S’assurer à pas comptés de sa douce étrangeté.
Se rassurer en pas fuyants de sa fidèle permanence.
En pur inconscience devenir chercheur d’essence.
(Chêne)
A Leuchtenbergring une haute et fine cheminée de briques marque l'obstination des hommes à vouloir dresser des axes, impulser une révolution horaire, s'en tenir au cercle, figure certaine et aboutie dans laquelle nul ne peut s'inscrire tout à fait sans disparaître.
Pourtant le train de Petershausen accuse un léger retard et la lune vient de se poser au sommet de la cheminée.
Je regarde le jour se dissoudre dans un sourire alcalin.
Reprise de contact, en douceur, avec la surface des Choses. 
Faible gravité, granulométrie moyenne, peu d’aspérités, la visibilité est bonne mais je ne distingue pas grand-chose. J’avance à tâtons.
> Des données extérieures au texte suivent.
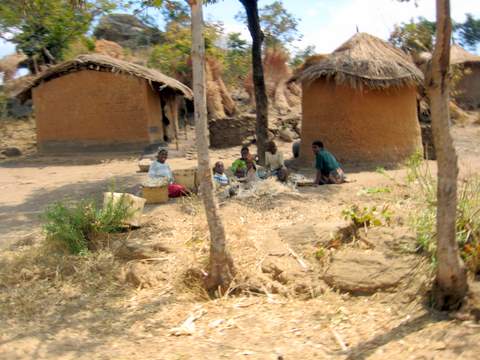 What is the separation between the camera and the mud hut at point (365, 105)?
979 cm

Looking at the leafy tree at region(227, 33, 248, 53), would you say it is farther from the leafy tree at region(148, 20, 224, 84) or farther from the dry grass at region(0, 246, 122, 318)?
the dry grass at region(0, 246, 122, 318)

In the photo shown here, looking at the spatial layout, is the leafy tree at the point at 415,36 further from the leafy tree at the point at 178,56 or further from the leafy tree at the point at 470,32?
the leafy tree at the point at 470,32

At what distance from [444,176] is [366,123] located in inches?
263

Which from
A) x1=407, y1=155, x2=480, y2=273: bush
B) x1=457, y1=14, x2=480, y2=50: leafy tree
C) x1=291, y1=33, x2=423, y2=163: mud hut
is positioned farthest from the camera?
x1=457, y1=14, x2=480, y2=50: leafy tree

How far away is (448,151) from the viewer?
3.46 m

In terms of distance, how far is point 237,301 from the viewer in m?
4.34

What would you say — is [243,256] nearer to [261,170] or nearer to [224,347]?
[224,347]

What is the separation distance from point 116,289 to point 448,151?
10.1ft

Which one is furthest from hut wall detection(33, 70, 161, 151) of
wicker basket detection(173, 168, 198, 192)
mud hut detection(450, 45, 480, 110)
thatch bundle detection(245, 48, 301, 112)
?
mud hut detection(450, 45, 480, 110)

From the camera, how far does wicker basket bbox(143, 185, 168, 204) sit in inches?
267

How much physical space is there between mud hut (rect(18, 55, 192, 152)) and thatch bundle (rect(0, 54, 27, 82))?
24.1 feet

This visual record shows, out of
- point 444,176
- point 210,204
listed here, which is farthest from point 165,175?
point 444,176

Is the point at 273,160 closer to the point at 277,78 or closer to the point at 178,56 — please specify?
the point at 178,56

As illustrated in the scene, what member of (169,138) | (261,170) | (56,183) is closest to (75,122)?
(169,138) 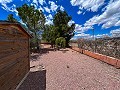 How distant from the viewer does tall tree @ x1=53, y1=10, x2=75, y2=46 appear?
25453mm

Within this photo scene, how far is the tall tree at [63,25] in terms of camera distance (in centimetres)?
2545

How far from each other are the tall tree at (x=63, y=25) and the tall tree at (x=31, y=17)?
6426 millimetres

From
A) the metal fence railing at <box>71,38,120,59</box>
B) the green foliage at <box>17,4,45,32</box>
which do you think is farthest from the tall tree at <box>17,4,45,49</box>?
the metal fence railing at <box>71,38,120,59</box>

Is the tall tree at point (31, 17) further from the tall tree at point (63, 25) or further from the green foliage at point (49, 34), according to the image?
the tall tree at point (63, 25)

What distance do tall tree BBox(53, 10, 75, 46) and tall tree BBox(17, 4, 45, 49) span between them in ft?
21.1

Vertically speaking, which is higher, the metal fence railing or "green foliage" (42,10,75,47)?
"green foliage" (42,10,75,47)

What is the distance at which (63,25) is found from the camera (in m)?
25.6

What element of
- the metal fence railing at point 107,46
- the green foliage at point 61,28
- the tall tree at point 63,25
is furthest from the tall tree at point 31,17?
the metal fence railing at point 107,46

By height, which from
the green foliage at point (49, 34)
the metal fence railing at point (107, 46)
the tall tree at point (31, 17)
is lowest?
the metal fence railing at point (107, 46)

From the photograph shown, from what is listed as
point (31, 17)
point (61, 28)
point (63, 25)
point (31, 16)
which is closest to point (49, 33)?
point (61, 28)

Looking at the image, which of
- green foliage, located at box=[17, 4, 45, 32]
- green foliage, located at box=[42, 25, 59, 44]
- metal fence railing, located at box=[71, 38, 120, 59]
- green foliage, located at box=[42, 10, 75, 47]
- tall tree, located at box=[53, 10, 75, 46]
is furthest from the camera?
tall tree, located at box=[53, 10, 75, 46]

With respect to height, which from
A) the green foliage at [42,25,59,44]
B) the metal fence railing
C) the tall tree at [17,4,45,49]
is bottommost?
the metal fence railing

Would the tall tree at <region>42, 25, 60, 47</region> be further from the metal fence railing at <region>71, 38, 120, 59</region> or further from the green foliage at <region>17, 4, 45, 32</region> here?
the metal fence railing at <region>71, 38, 120, 59</region>

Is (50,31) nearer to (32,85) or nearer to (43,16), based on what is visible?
(43,16) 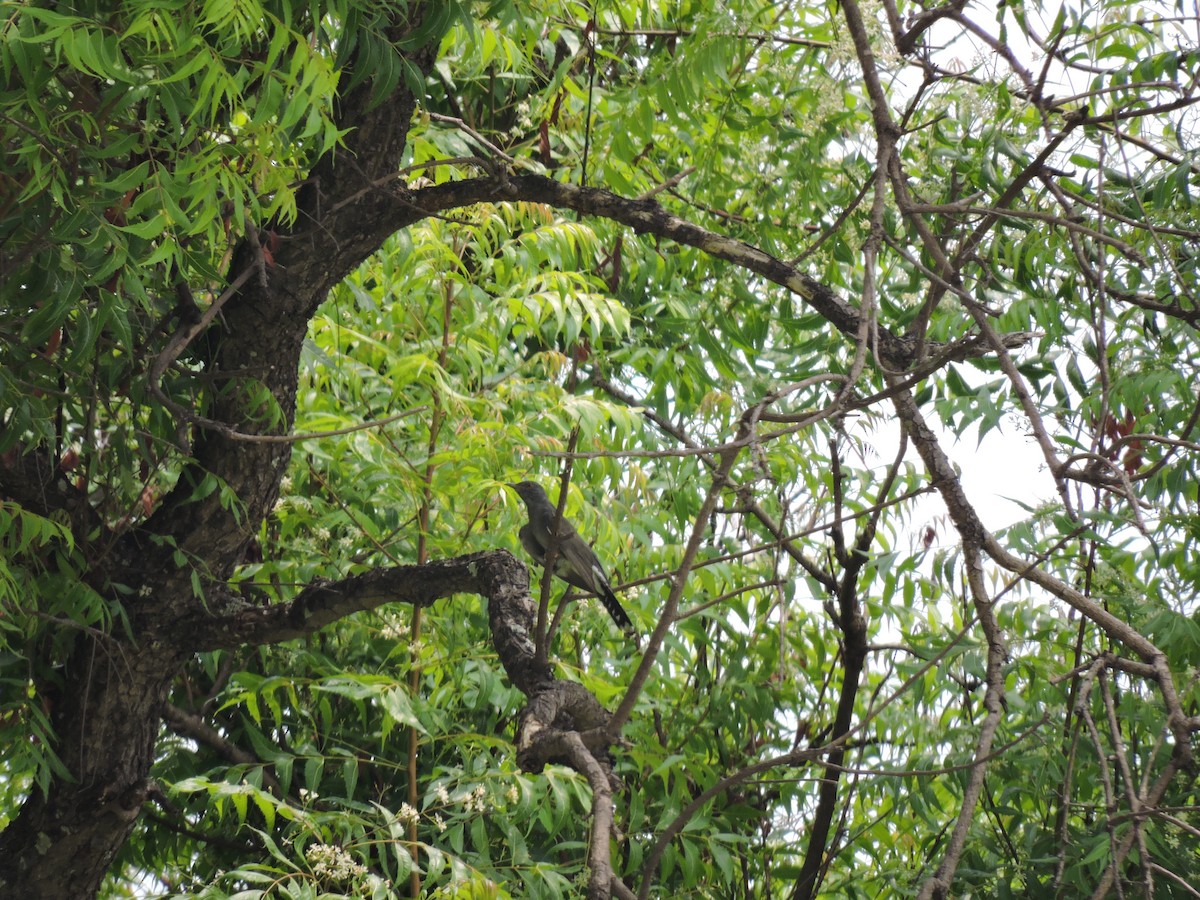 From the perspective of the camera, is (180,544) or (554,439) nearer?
(180,544)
C’est cela : je cherche, bras tendus, doigts écartés, yeux fermés.
(Tâtonnements)
Ce "Vous" est singulier pluriel. La distance qui nous sépare ne s’appréhende pas en kilomètres. Je Vous conjugue hors du temps et de l’espace. Vous ne venez pas combler un vide mais inventer un monde insoupçonné auquel je n’osais plus croire. Quelque chose d’infiniment fragile, inutile, déraisonnable et essentiel. Parfois une simple transmission de pensée me suffit, à d’autres moments je voudrais poser ma main sur votre nuque ou bien compter avec Vous les oiseaux qui retiennent le ciel.
Je ne sais rien de Vous sinon que vous êtes majuscule.
 
« Ce monde de la distance n’est aucunement celui de l’isolement, mais de l’identité buissonnante, du Même au point de sa bifurcation, ou dans la courbe de son retour… Ce milieu, bien sûr, fait penser au miroir – au miroir qui donne aux choses un espace hors d’elles et transplanté, qui multiplie les identités et mêle les différences en un lieu impalpable que nul ne peut dénouer. » Michel Foucault, 1962
Un peu comme si l'hallucinante cohorte de tes mots prenait la mémoire à rebours, décomptait des heures éblouissantes dont nous ferions autant d'anniversaires imparables.